A 51% attack is when a single entity controls over half the network's computing power (hashrate) in a blockchain, allowing them to manipulate transactions, like preventing confirmations or double-spending coins
by rewriting parts of the blockchain, though not creating new coins or altering past blocks, posing a major threat to smaller Proof-of-Work (PoW) coins.
How it Works:
- Control the Majority: An attacker acquires more than 50% of a blockchain's mining power (hashrate).
- Create a Private Chain: They start mining a secret, longer version of the blockchain.
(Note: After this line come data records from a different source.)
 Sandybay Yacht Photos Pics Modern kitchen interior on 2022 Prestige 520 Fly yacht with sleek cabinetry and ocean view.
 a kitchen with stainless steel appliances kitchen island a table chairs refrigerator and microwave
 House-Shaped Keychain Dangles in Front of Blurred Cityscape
- Double Spend: They send coins to an exchange, wait for the transaction to confirm on the public chain, then use their majority power to create a longer, secret chain where those coins are sent back to themselves, effectively spending them twice.
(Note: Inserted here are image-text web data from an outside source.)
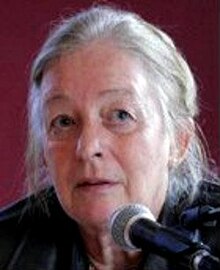 Colour Press shot of an elderly woman with strong features, no makeup, and long, straight white hair, tied back. She is speaking into a microphone.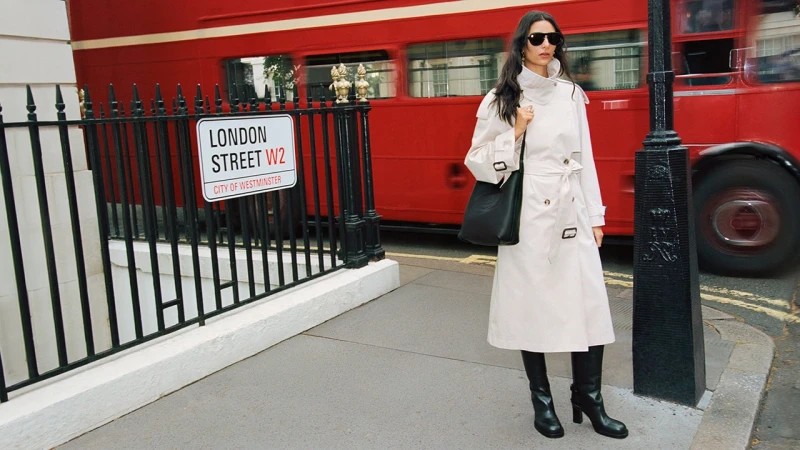 Model in cream trench coat and black boots standing on a London street in front of a red double-decker bus.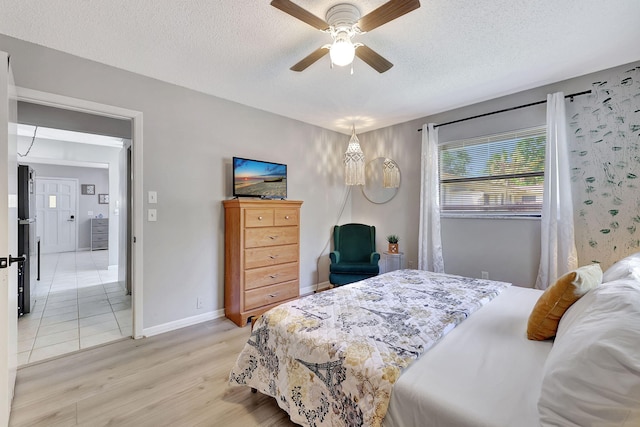 bedroom featuring baseboards, a textured ceiling, light wood-style flooring, and freestanding refrigerator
- Broadcast: Once their secret chain is longer, they broadcast it, making it the new official history, invalidating the exchange's transactions.
What an Attacker Can Do:
- Prevent Confirmations: Stop new transactions from being added.
- Reverse Transactions: Cancel transactions already confirmed by others (double-spending).
- Monopolize Mining: Take all block rewards for themselves.
What They Cannot Do:
- Create Money: Cannot mint new coins or steal from others' wallets.
- Alter Past Blocks: Cannot change the fundamental history of blocks mined before the attack.
- Why It's a Threat (Especially for Smaller Coins):
- It's extremely expensive for large networks like Bitcoin, but feasible for smaller cryptocurrencies with less hashing power, making them vulnerable.
- It destroys trust and can crash the coin's value, which is often the attacker's goal.
Real-World Example:
The Ghash.io mining pool temporarily exceeded 50% of Bitcoin's hashrate in 2014, causing concern and price drops, leading them to voluntarily reduce power.